Collaborative work among teachers is linked to a vision of the school as a learning organisation, (re)thinking how to be in the school-organisation concerning the binomials culture of isolation vs culture of participation; disciplinary structures (the “tribes and territories” characterised by Becher, 1989) vs interdisciplinary network structures. Learning is perceived, from a constructivist and sociocultural perspective, as an individual effort, socially and culturally located (Hadar & Brody, 2010), so collegial cultures should not suffocate teachers’ individuality (Day, 2004), which should be ensured and respected since they are fundamental for professional development.

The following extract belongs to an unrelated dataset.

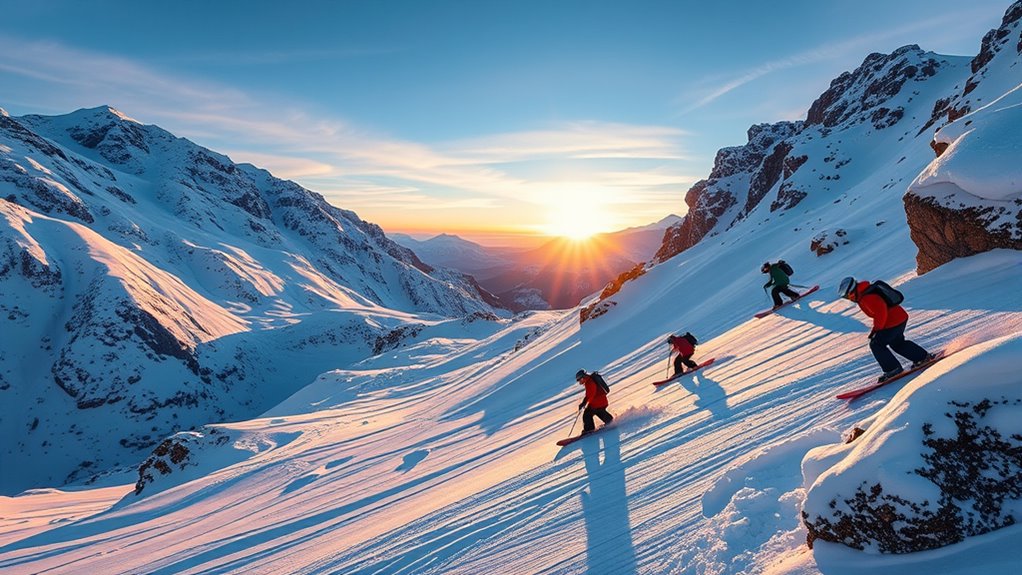 snowboard selection considerations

Teachers’ participation and involvement in processes leading to educational policies’ design are crucial as they improve such processes by including their expertise. Regarding the implementation of curriculum design, several authors consider that the involvement of teachers has a considerable impact, being crucial for the success of educational reform efforts (Fullan, 2001) - since teachers implement the curriculum, it seems reasonable to benefit from their classroom experience and their perspective (Carl, 2005; Doll, 1995). Active teacher participation in curriculum development processes at both central and local levels positively influences their successful implementation (Baş & Şentürk, 2019; Young, 1990).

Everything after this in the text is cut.